Recentemente houve o referendo separatista na Escócia, economias debilitadas adotam medidas de austeridade, países como Alemanha, França e Reino Unido partem para uma diplomacia individual e, em muitas nações, ganham força movimentos contrários ao euro. Tudo isso torna a tarefa de construir uma voz unificada mais difícil.
Imigração
Outra novidade do mandato de Mogherini pode ser um foco renovado também na questão migratória, já que ela vem de um país que recebe milhares de imigrantes ilegais todos os anos. Tais pessoas partem do norte da África em embarcações clandestinas superlotadas em busca de uma vida melhor na Europa.

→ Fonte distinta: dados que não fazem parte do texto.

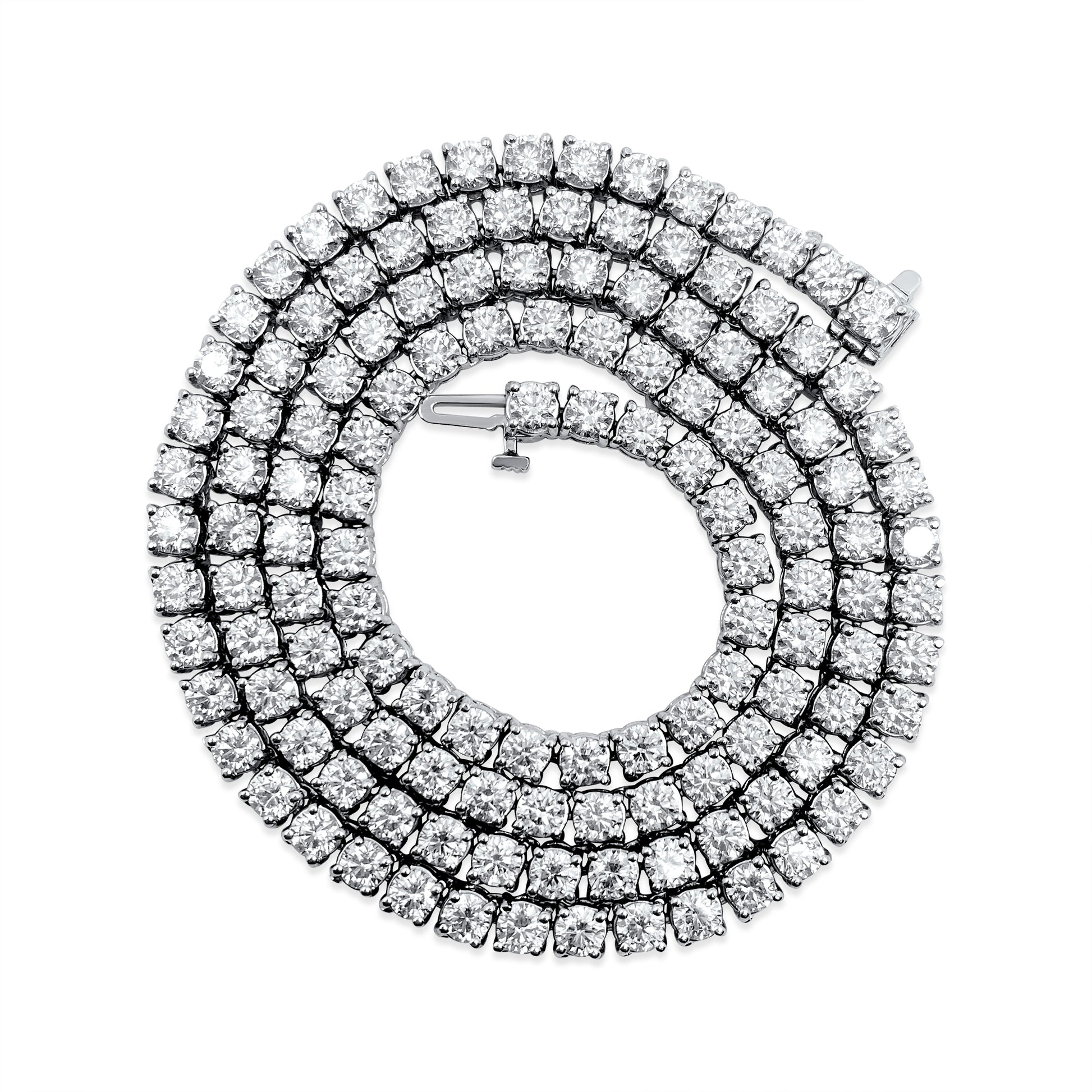26CT VVS Diamond Tennis Necklace Unisex - Pristine Diamonds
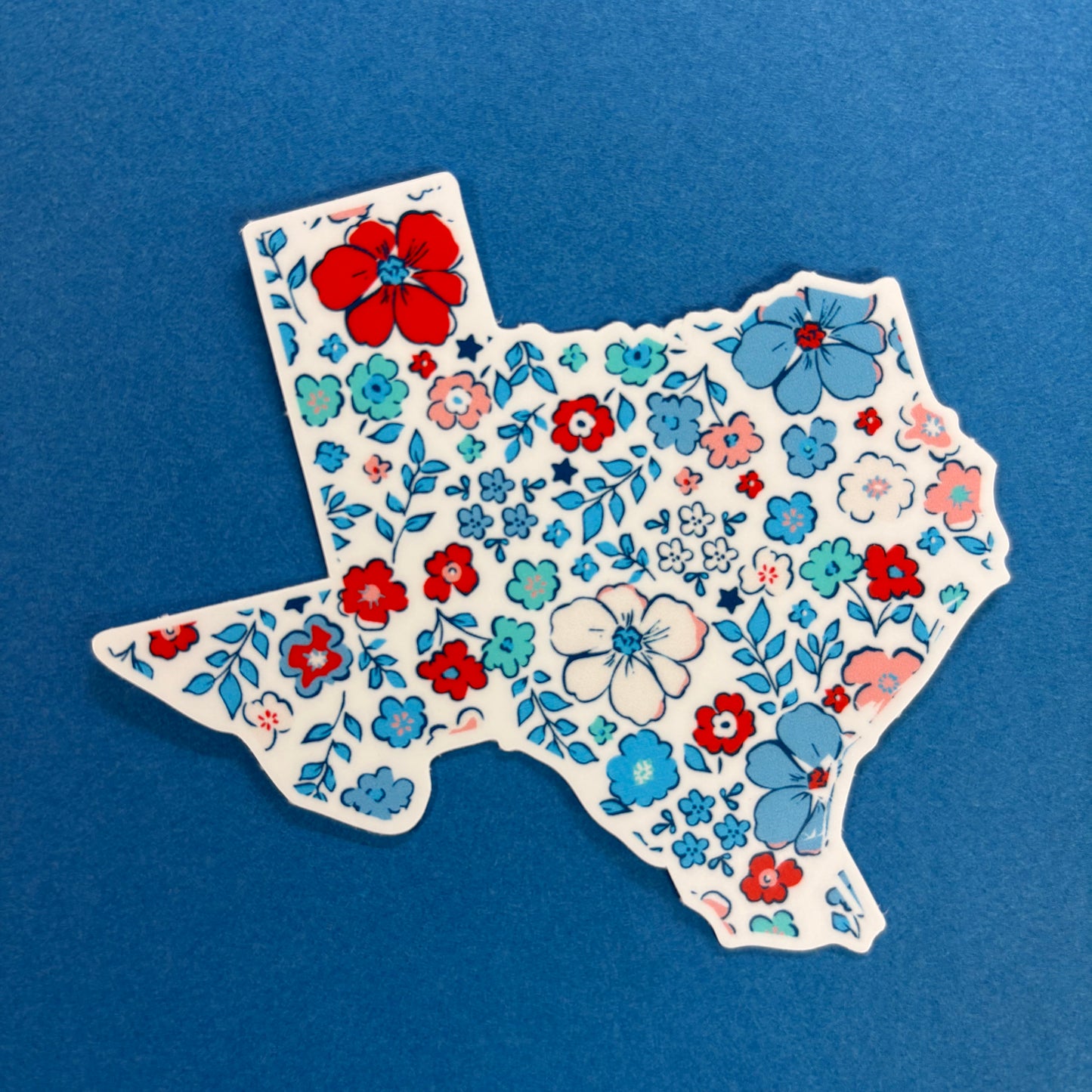 Floral Texas Sticker - Mugsby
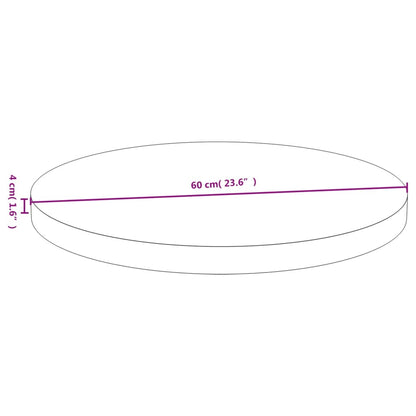 vidaXL Plateau de table Ø60x4 cm Bambou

E devido à proximidade com o continente africano, a Itália é a porta de entrada preferida, principalmente a ilha de Lampedusa. Não raro, essas viagens terminam em tragédia, como o naufrágio de 3 de outubro do ano passado, que deixou 368 mortos.
Além de uma italiana chefiando a política externa, a UE passa a ter também um grego como Comissário para Migração e Assuntos Internos, Dimitris Avramopoulos, o que pode propiciar uma dobradinha nesse setor. "É possível termos uma aliança greco-italiana para a política de imigração", completa a coordenadora da FGV.